Champions of the gig economy
John Butler is one of Australia’s most successful independent artists. He co-founded his own record label and his blues roots group, the John Butler Trio, has released numerous award-winning albums and earned millions of fans worldwide.
When US-born Butler sees his accountant, he doesn’t take a plush lift to the upper floors of a modern city high-rise. He makes his way to a northern Perth beachside suburb and finds the work entrance of Kylie Thompson’s home – the headquarters of Sorrento Strategic Accounting.
Butler was one of Thompson's first clients; he has been with her since he was busking in Fremantle. Twenty years on, Thompson is a financial specialist in the creative arts industry; about half of her clients are prominent or emerging musicians, actors, designers, dancers and artists. Almost all of them live in Perth, and many are independent contractors or part-time workers engaged in the shared or "gig" economy.

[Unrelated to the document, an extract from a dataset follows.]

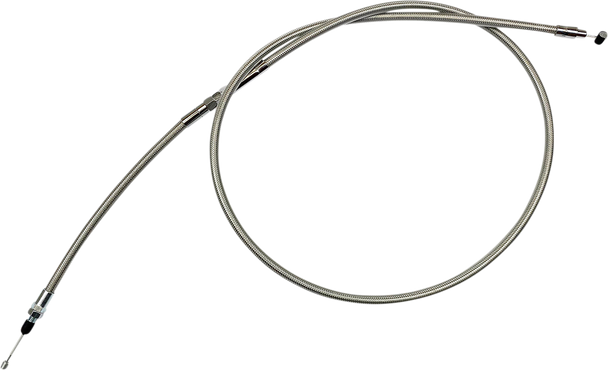 MAGNUM Clutch Cable - XR - Indian - Stainless Steel XR5323104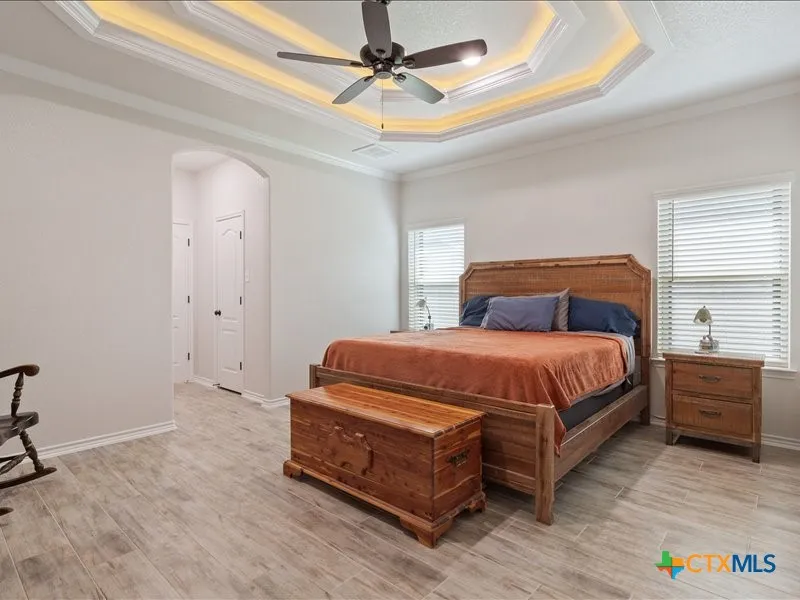 7711 Silicon Drive Killeen, TX 76542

Using information drawn from the Household Income and Labour Dynamics in Australia survey, Bankwest Curtin Economics Centre researchers estimate 11.6 per cent of the Australian workforce are independent contractors. This is equivalent to about 1.27 million workers.

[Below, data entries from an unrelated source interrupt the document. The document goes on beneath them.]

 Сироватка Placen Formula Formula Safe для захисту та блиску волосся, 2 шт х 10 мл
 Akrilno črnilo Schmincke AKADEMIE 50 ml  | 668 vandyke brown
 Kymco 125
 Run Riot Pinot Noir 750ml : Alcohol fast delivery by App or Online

Researchers say many of these independent contractors work in the artistic space. About 27 per cent of online freelance services are in the creative and multimedia fields, reflecting the demand for video, social media, design and animation. What they can’t easily quantify, however, are how many musicians, artists and actors – or those who drive share cars in the evening – struggle to find constant and stable work, and often live hand-to-mouth.

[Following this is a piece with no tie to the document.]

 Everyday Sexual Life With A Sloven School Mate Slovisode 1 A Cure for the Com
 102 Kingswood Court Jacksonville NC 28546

This is where Thompson – as a trusted CPA, financial planner and self-managed super fund specialist – feels she can play a role.
“Everyone's good at something,” she says. “If you're good at numbers, take that headache away from people so they can go out and make music and write songs. It's not been hard work for me to develop this niche market because I'm passionate about it and I can see I make a difference.”
Accountants need to ensure self-employed clients are aware of their tax and legal obligations as contractors, and understand what component of their income is taxable. Often the companies employing them aren't fully aware of these requirements either.
Accountants have to design easy ways for clients to track their income and expenses at tax time. Thompson has created a spreadsheet for her clients to fill in ahead of any meeting with her to make this process as simple as possible.
Perhaps most importantly, accountants need to educate themselves in the financial rules and regulations governing their clients' industries and try to better understand the challenges they face. Over the past five years, Thompson has deepened ties with the local creative arts scene, sponsoring music awards and local community radio station RTRFM. For the past four years, she has presented free tax workshops for WA Music and music rights organisation APRA AMCOS.
Not only has this helped her stay close to industry players and further earn their respect, she has doubled her client base. After 40 people attended one of her tax seminars in June, 35 became Sorrento Strategic Accounting clients.
Thompson admits that the sudden growth has its challenges. Her priority is always to maintain a personal touch, something she knows is essential for local clients. "If people want to see Kylie, I want them to come and see Kylie," she says. "That's how I've sold my practice: what you see is what you get."
Another way Thompson keeps up standards and her professional knowledge is through her involvement in a CPA Australia discussion group called Accountants in Suburbia (AIS).
Every month for the past 35 years, CPAs working in and around Perth have met in the offices of a city legal firm. Entry to the meetings on Adelaide Terrace is strictly invitation only. It currently has 22 members, and at least 15 engage every month.
Thompson, an AIS member for 15 years, is the chair. She says AIS began as a way for accountants to support or fill-in for each other when they went on leave. Now she appreciates the chance to catch up with like-minded professionals to discuss issues, listen to guest speakers, share knowledge and recommend potential clients to each other.
“It's just brilliant when you're working on your own, because you've got to keep up to date,” Thompson says. “The networking side of being a CPA in that group is just priceless. It was the kind of extra support I needed after starting my business.”
Does she have any advice for accountants wanting to work with clients in niche industries?
“I just think you've got to find the area you're interested in,” she says. “When you've got happy clients walking out going, ‘That's such a load off my mind’, that's fantastic. You know you're helping them do what they do better. It's pretty easy.”